The rain was doing that peculiar New York thing where it fell straight down, as if even the wind was too tired to push it sideways. Arthur leaned against the cold glass of the subway window, watching his reflection blur. At thirty-four, he was a senior data analyst at a mid-sized logistics firm. The title was a lie. He was a spreadsheet janitor, mopping up other people’s forecasting errors.
A synthetic long. Buy an at-the-money call. Sell an at-the-money put. The payoff was identical to owning 100 shares of stock, but at a fraction of the capital. Your risk was still the downside, but your upside was unlimited. And the margin requirement? A joke compared to outright ownership.
The bookstore on Chambers Street smelled of mildew and old paper. Arthur almost missed it, wedged between a vape shop and a psychic’s parlor. On the bottom shelf, spine cracked like a dry riverbed, was a thick, navy-blue brick: Options as a Strategic Investment, Fifth Edition . Lawrence G. McMillan. Options As A Strategic Investment Fifth Edition Pdf
He needed a lever. Not a gamble—he wasn’t a WallStreetBets caricature—but a lever . A way to be right about a direction without having to put up the full price of being wrong.
He survived. He sized his positions at 2% of capital. He kept a trade journal. He learned to love the wash of red days because they taught him where his assumptions were wrong. The rain was doing that peculiar New York
He chose a ticker: $CHIP, a semiconductor manufacturer. It had been range-bound for six months. Boring. Predictable. Perfect.
Arthur read until 3 AM. He learned about puts—how they were not just bets against the world, but insurance policies for your sanity.
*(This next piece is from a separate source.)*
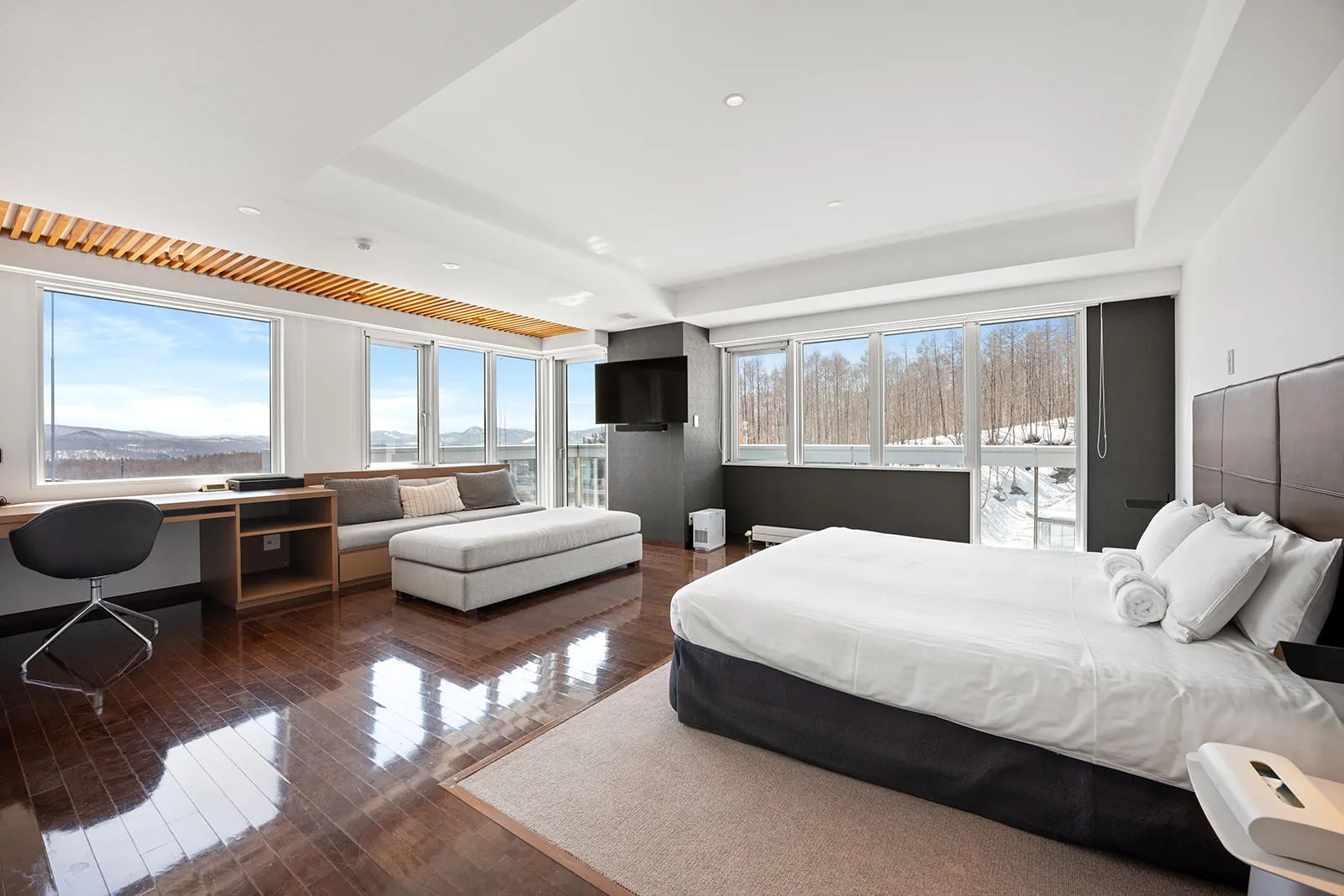 Bedroom with desk, daybed and corner windows at Alpen Ridge Hotel Niseko
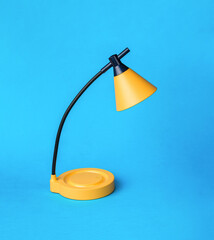 Yellow and black table lamp on a blue background.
He learned about covered calls, the "income strategy for the mildly impatient." But it was Chapter Eight that stopped his heart: The Synthetic Long Stock . The title was a lie
His portfolio was a graveyard of good intentions: three blue-chip stocks bleeding slowly, a growth fund that had peaked in 2021, and a savings account yielding less than the inflation rate.
When the acquisition was confirmed two weeks later, Arthur closed the position for a $14,000 gain. That was more than his annual bonus at the logistics firm.
He bought it for $4.50, the cashier not even looking up from her phone.
And he made sure, first, to know something.